WHAT YOU WILL DO => Reproduce the listing in full. Omit the pictures.
Start of GIVEN MATERIAL
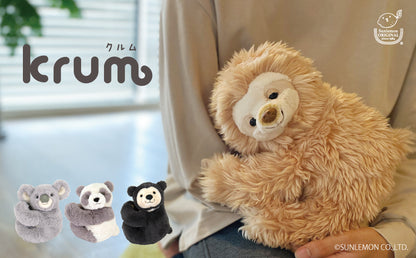 KRUM STUFFED TOY SLOTH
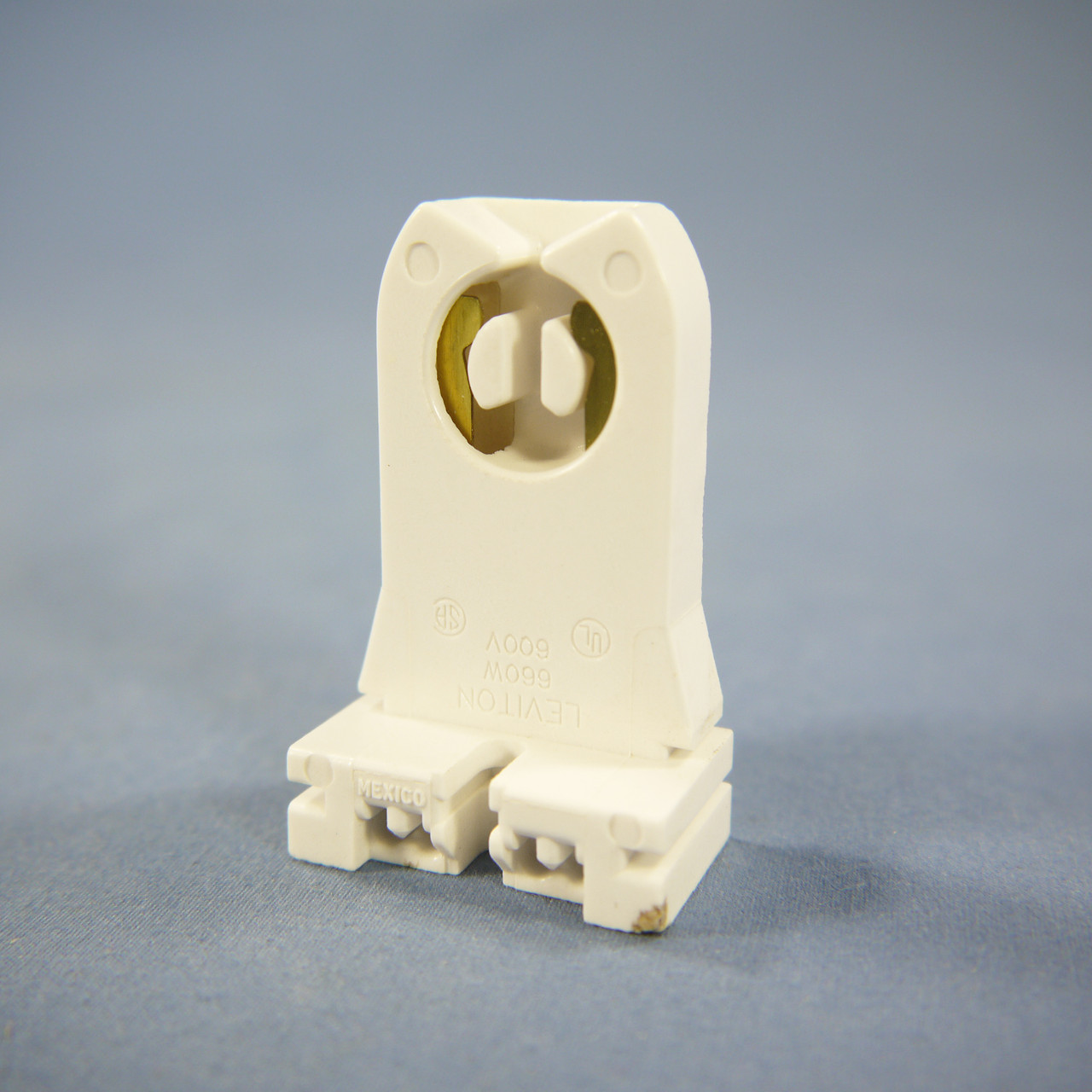 🏠 Leviton Fluorescent Lampholder Light Socket T8 T12 Medium Bi-Pin TALL ...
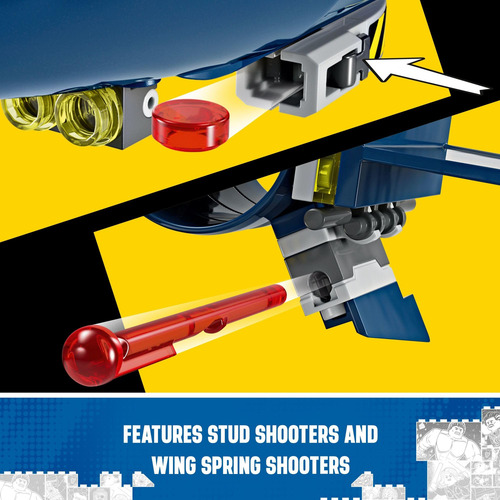 Juguete De Construcción Lego Marvel X-men X-jet 76281 Con 4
End of GIVEN MATERIAL
TASK OUTPUT =>
 KRUM STUFFED TOY SLOTH
 🏠 Leviton Fluorescent Lampholder Light Socket T8 T12 Medium Bi-Pin TALL ...
 Juguete De Construcción Lego Marvel X-men X-jet 76281 Con 4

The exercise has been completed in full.